Tuesday, December 31, 2013

Slovakia accepts three Guantanamo Uighur inmates

In what can be considered a miscarriage of justice the 20 Uighurs imprisoned  at Guantanamo bay Cuba were captured in Afghanistan during the U.S. invasion in October of 2001 none of them were ever accused  or charged with any crime involving terrorism yet they were all held for more than 10 years.  

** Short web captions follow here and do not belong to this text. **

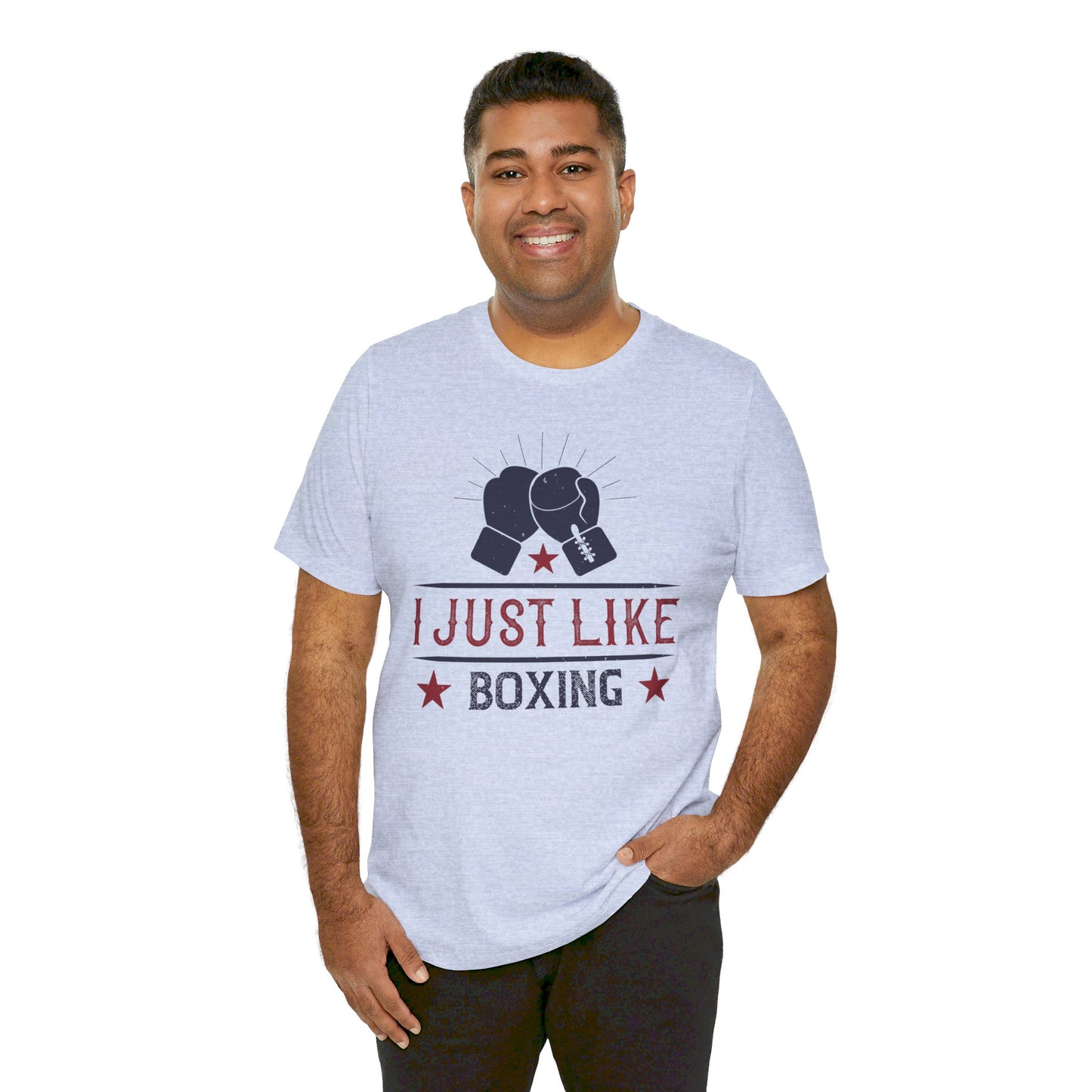 I Just Like Boxing - Unisex Jersey Short Sleeve Tee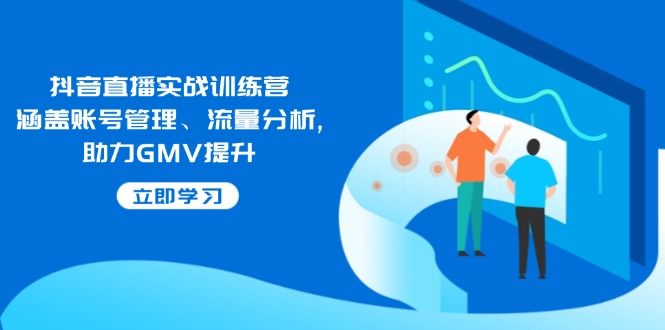 抖音直播实战训练营：涵盖账号管理、流量分析, 助力GMV提升-悟空云赚AI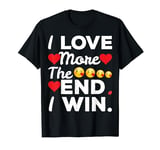 I Love You More the End I Win for Lovers girlfriend & wife T-Shirt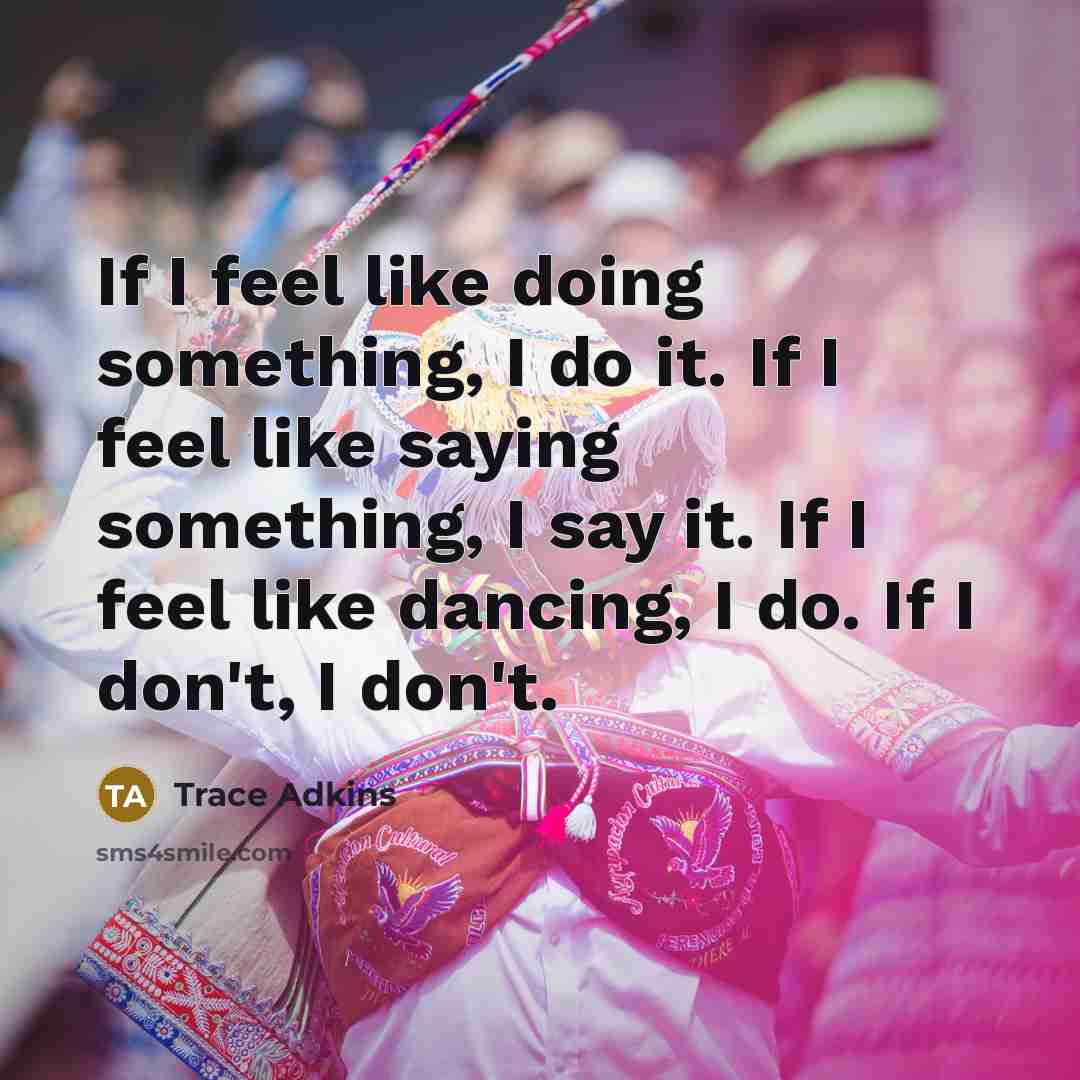 “If I feel like doing something, I do it. If I feel like saying something, I say it. If I feel like dancing, I do. If I don't, I don't.” quote by Trace Adkins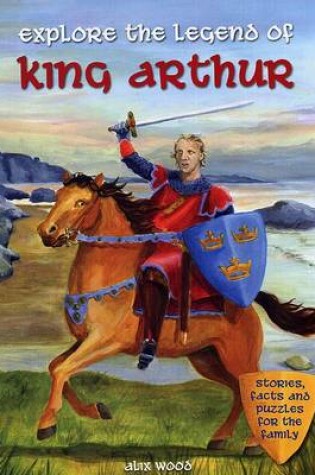 Cover of Explore the Legend of King Arthur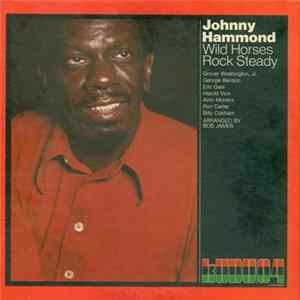 Johnny Hammond - Wild Horses Rock Steady FLAC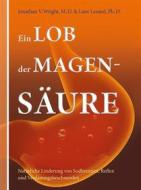 Ebook Ein Lob der Magensäure di Jonathan V. Wright, Lane Lenard edito da MobiWell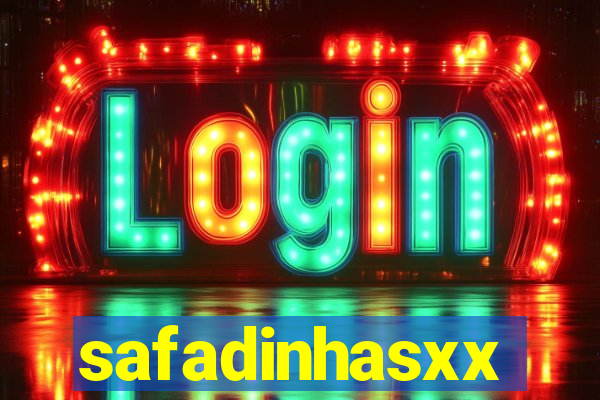 safadinhasxx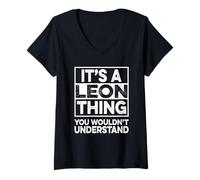 Donna It's A LEON Thing You Wouldn't Understand Shirt LEON Funny Maglietta con Collo a V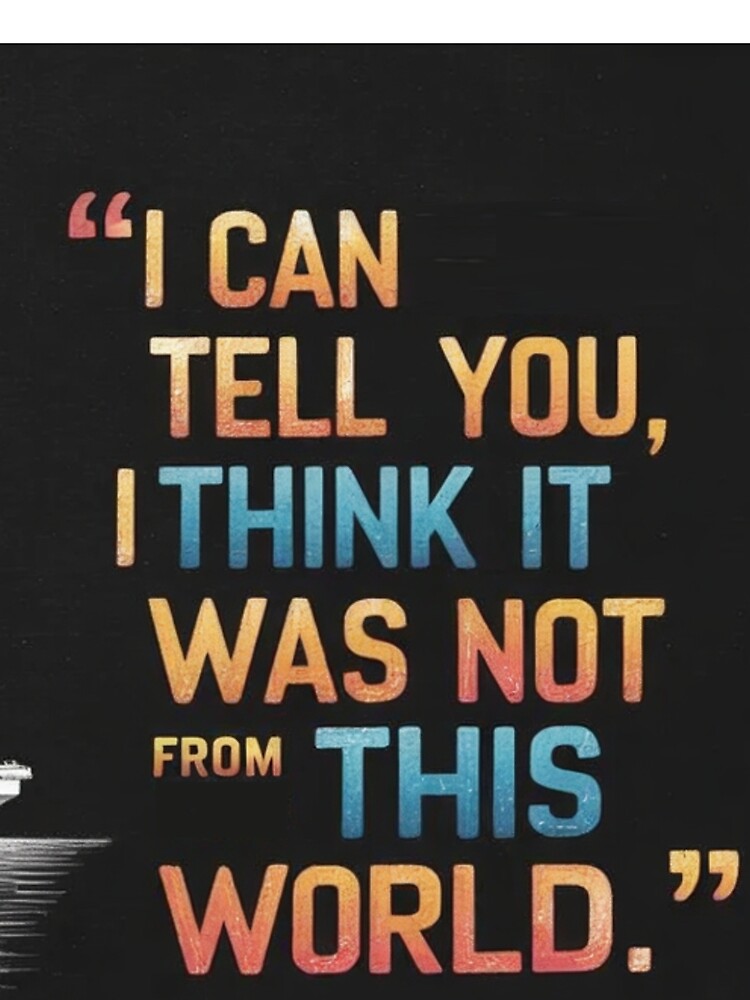 Thumbnail 5 of 5, Graphic T-Shirt, I can tell you, i think it was not of this world. - Alien Quotes designed and sold by eXtraHumans.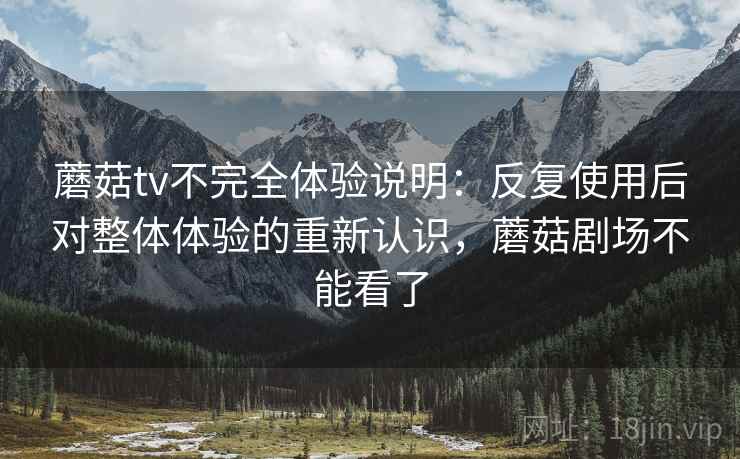 蘑菇tv不完全体验说明：反复使用后对整体体验的重新认识，蘑菇剧场不能看了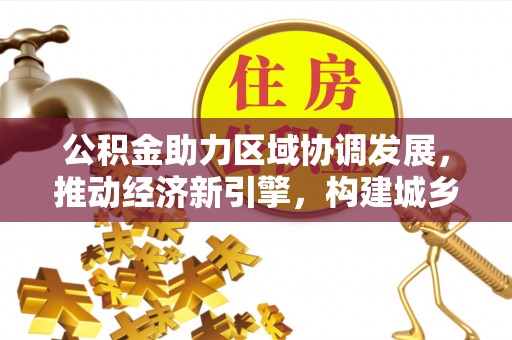 平顶山公积金助力区域协调发展，推动经济新引擎，构建城乡一体化新格局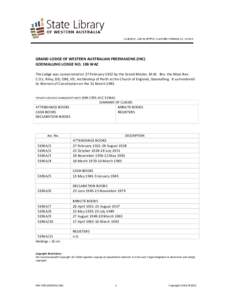 GRAND LODGE OF WESTERN AUSTRALIAN FREEMASONS (INC) GOOMALLING LODGE NO. 106 WAC The Lodge was consecrated on 27 February 1922 by the Grand Master, M.W. Bro. the Most Rev. C.O.L. Riley, DD, OBE, VD, Archbishop of Perth at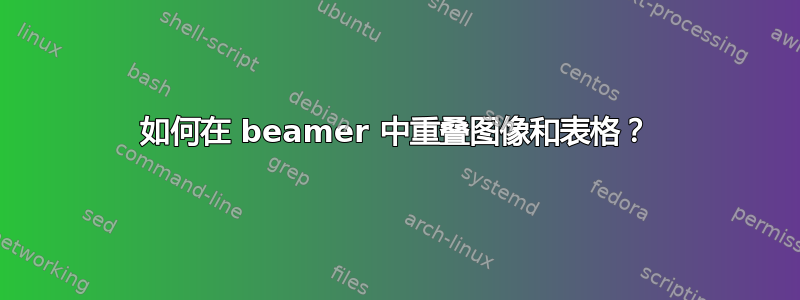 如何在 beamer 中重叠图像和表格？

Three Chinese Muslim Uighurs have been flown to Slovakia from the US military prison at Guantanamo Bay in Cuba, the Slovak interior ministry says.
The three are now in the capital Bratislava, a ministry official told the BBC. None of them are terror suspects, the ministry stressed.
Slovakia - a member of the EU and Nato - also accepted three inmates from Guantanamo in 2010.
The US says all the Uighur prisoners have now been released from Guantanamo.
Since 2001 the prison has housed suspects detained by US forces during operations against al-Qaeda and the Taliban.
"As in the case of the first transport, the persons in this transport have never been suspected nor accused of terrorism. The transport is a follow-up to the agreement of 2009 [with the US]," the Slovak ministry statement said.

The sad reality is that a majority of those still held at Guantanamo bay were captured as part of a bounty offered by the U.S. for any suspected terrorist found in Afghanistan.  80% of them weren't terrorist they were just unfortunate enough to be in the wrong place at the wrong time.